### DATA LISTING

"""

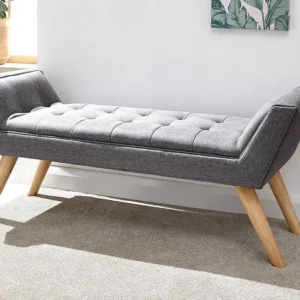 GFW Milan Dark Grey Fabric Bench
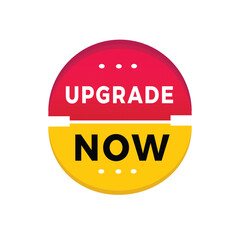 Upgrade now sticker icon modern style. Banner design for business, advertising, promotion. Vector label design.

"""
"""

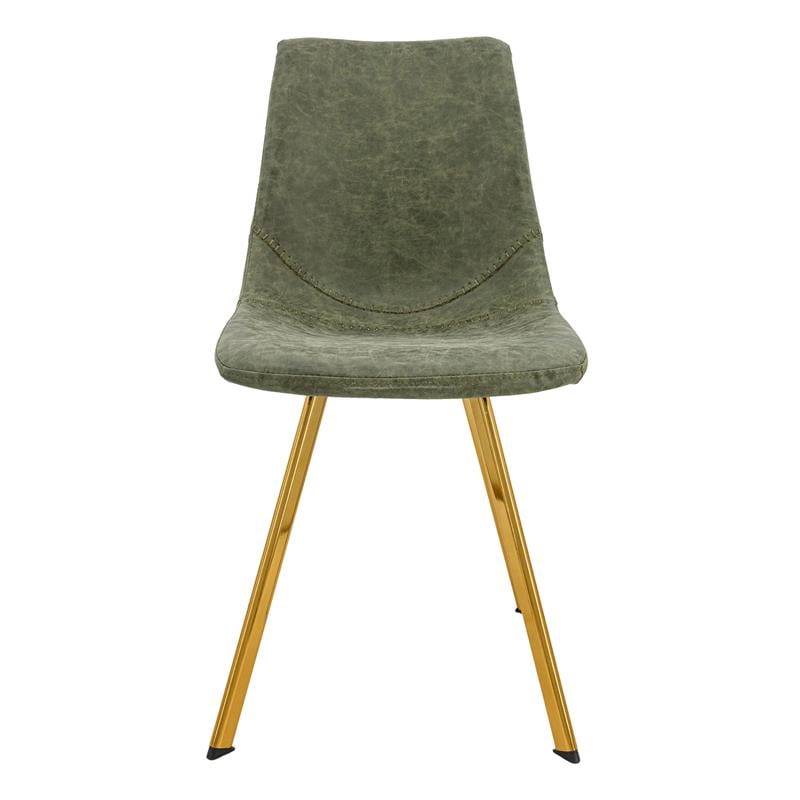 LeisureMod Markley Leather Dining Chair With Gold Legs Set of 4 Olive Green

"""

### EXERCISE DETAILS
The answer is the lines above from the one with "GFW Milan Dark Grey Fabric Bench" to the one with "Upgrade now sticker", set down exactly, with no pictures.

### TASK ANSWER
 GFW Milan Dark Grey Fabric Bench
 Upgrade now sticker icon modern style. Banner design for business, advertising, promotion. Vector label design.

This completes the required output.